Another major obstacle to increase the blocking factor is related with feedback loops. Vector processing is restricted to the number of initial delays on the feedback loop. If the number is smaller than N g , the vector processing capability cannot be fully utilized. For example, the scheduling result for a graph shown in Fig. 18 is “A B G C D H E F” when the blocking factor is 1. If blocking factor N g becomes 5 then the scheduling becomes “5A 5B 5(GCDH) 5E 5F” in which nodes G, C, D and H are repeated five times sequentially. Therefore, a scheduling algorithm for SSDF should consider the graph topology to minimize the program code size.

Fig. 18
figure 18

A graph with feedback loop

In case feedback loops exist, strongly-connected components are first clustered into a strong component. A strong component of graph G is defined as a subgraph \(F \subset G\) if for all pairs of nodes u, v ∈ F there exist paths p u v (from u to v) and p v u (from v to u). This clustering is performed in a hierarchical fashion until the top graph does not have any feedback loop. Then, a valid schedule for an SSDF graph can be constructed using the SDF scheduling algorithms. Each node is scheduled by applying the global blocking factor N g . For the SSDF graph in Fig. 18, the top graph consists of five nodes “A B (CDGH) E F” where nodes C, D, G and H are merged into a clustered-node. When blocking factor N g is set to 5, a schedule for the top graph becomes “5A5B5(clustered-node)5E5F”.
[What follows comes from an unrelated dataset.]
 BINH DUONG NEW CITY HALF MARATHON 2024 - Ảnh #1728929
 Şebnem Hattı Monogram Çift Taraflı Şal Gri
Next, the strong components are scheduled. The blocking factor depends on the number of initial delay samples on a feedback loop. Let N l (L) denote the maximum bound of the blocking factor on feedback loop L. Since feedback loops can be nested, a feedback loop with the largest maximum bound N l (L) should be selected first. Subsequently, feedback loops are selected in a descending order of N l (L). Scheduling of the clustered subgraph starts with a node that has many initial delay samples on its input ports and allows a large blocking factor. When a strong component “(CDHG)” is scheduled in the SSDF graph, actor G should be fired since it has an initial delay sample.

For a selected strong component, we schedule the internal nodes as follows, depending on the number of delays on the feedback loop.

Case 1: N g is an integer multiple of N l (L). :

The scheduling order needs to be repeated \(N_{g}/N_{l}(L)\) times using N b = N l (L) for the internal nodes. In the example of Fig. 18, since N l (L) = 1, N g  = 5, and \(N_{g}/N_{l}(L)\) is an integer, schedule of “GCDH” is repeated five times. Moreover, the blocking factor for each node N b is 1. Hence, the final schedule is “5A 5B 5(GCDH) 5E 5F”.

Case 2: \(N_{g} \leq N_{l}(L)\) . :

Blocking factor \(N_{b} = N_{g}\) is applied for all actors in the strong component. For example, if the number of delay samples increases to 5 in Fig. 18, then blocking factor N l (L) is 5 which is equal to N g , and the schedule becomes “5A 5B (5G 5C 5D 5H) 5E 5F”. Therefore, the blocking factor can be fully utilized.

Case 3: If \(N_{g} > N_{l}(L)\) but not an integer multiple. :

One of two scheduling strategies can be applied:

  1. 1.

    The schedule for the strong component is repeated N g times using N b = 1 internally, which produces the smallest code at the cost of throughput.

  2. 2.

    The schedule is repeated with blocking factor N b = N l (L), and then once more for the remainder to N g . This improves throughput but also enlarges the code size.

When N l (L) = 2 by increasing the number of delay samples to 2, a valid schedule is “5(GCDH)” if the first strategy is followed or “2(2G 2C 2D 2H) GCDH” if the second strategy is followed. Consequently, the final schedule is either “5A5B 5(GCDH) 5E 5F” or “5A 5B 2(2G 2C 2D 2H) GCDH 5E 5F”.

Although the SSDF model is proposed to allow large blocking factors to utilize vector processing of simple operations in a node, the scheduling algorithm for SSDF is also applicable to an SDF graph in which every node has an inline style code specification. Without the modification of the SDF actor, the blocking factor can be applied to the SDF graph and the SDF schedule. For instance, when block factor N g  = 3 is applied to Fig. 2, a valid schedule is “9A 9D 6B 12C”. For the given schedule with the blocking factor, programs can be synthesized as shown in Fig. 5 where each loop value in the codes will be multiplied by blocking factor N g (=3).